The allure of a shiny New Thing is dangerously tantalizing, but we resisted that pull and opted for a tool already in use across other production environments. The bigger the community, the more likely it is that we’ll find our answers within that community; a thousand companies using a tool will find edge cases much faster than ten companies will.
One Size Should Not Fit All
Some clever readers may be thinking, “Hey, you already figured out how to use Nomad; why not save some time and leverage your knowledge by using it again to orchestrate the whole product? Wouldn’t that reduce complexity?”
Fair questions. While Nomad was great for “single-purpose” scheduling of build containers, Kubernetes has an arsenal of features, including robust health checking, configurable deployment strategies, distributed networking, secrets and operations tooling that other orchestration systems lacked.
We’ve also got a policy of strict isolation between our own infrastructure and our customers’ infrastructure. While this does reduce leverage, it means we’re free to choose the right tool for the job. We had some tight constraints that led to choosing Nomad, but we didn’t let that decision trigger any tunnel vision — we never felt obligated to use Nomad for everything.
Instead, we took a breath and a hard look at our goals. We wanted the system we chose to be purposeful and composable, and that meant spending time exploring other options. And this is something we could only do because we’re at a certain scale. In a smaller shop, it would make sense to have either a Nomad expert or a Kubernetes expert — but not both.
But we’re large enough that we can let teams pick the right tools for the job. And we’re also large enough that we’re required to pick the right tools for the job: when you’re running a large-scale distributed system, every little bit counts.
Handled Nomad’s Quirks
Kubernetes helped us address Nomad’s need for manual intervention. If we wanted to update our version of Nomad, we could push it to Kubernetes, which would only try to update the first server.
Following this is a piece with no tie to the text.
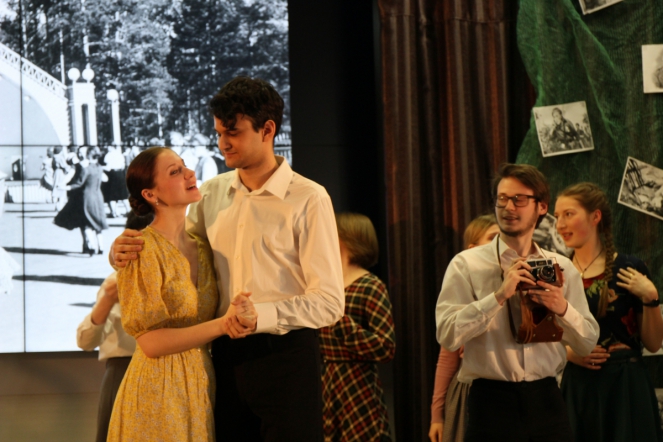 Студенты СПбГПМУ исполнили песни Победы 15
If that failed, Kubernetes would stop the deploy and keep the remaining four running so everything could be safely rolled back.
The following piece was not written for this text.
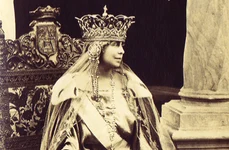 Coroana Reginei Maria, inspirată din estetica medievală bizantină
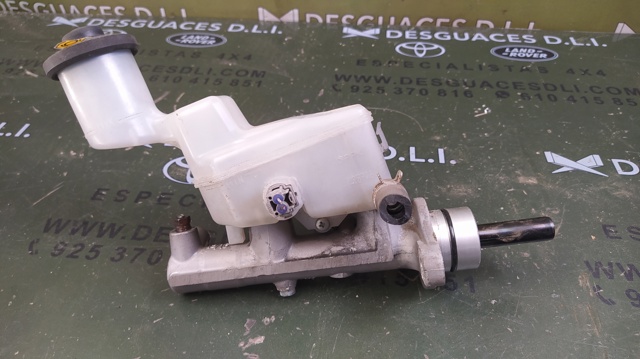 Cilindro principal de freno 4720142231 TOYOTA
As for the wedging issue, Kubernetes’ health checks proved invaluable. The readiness probe could check a given HTTP endpoint and ensure that it was accessible before updating, and the liveness probe could check that a server is… live, and restart it if not. So Kubernetes gave us autonomous, self-actualized containers that could auto-heal if they became unhealthy.
Write Less Code, Use More Tools
So, using Kubernetes to orchestrate Nomad really isn’t so outrageous. It’s a matter of perspective: once we landed on Nomad as the solution to our scheduling problem, we considered it to be part of the product; Kubernetes was the solution for scaling the product.
This distinction is important because it affects how we approached each problem. As soon as Nomad fulfilled its destiny as a job scheduler, we stopped treating it as an orchestration system; instead, it just became one of several components in CircleCI 2.0. And that meant we could tackle the problem of making CircleCI 2.0 highly available separately from the problem of scheduling jobs.
All of this was in the spirit of writing less code. By breaking these problems into digestible pieces, we were able to pick the right tool for each scenario, instead of picking one orchestration system and using it everywhere. It’s a liberating feeling, and we highly recommend it. The glorious conclusion to this story ends with the cathartic deletion of all the custom orchestration code that the original CircleCI relies on — and we very much look forward to that day.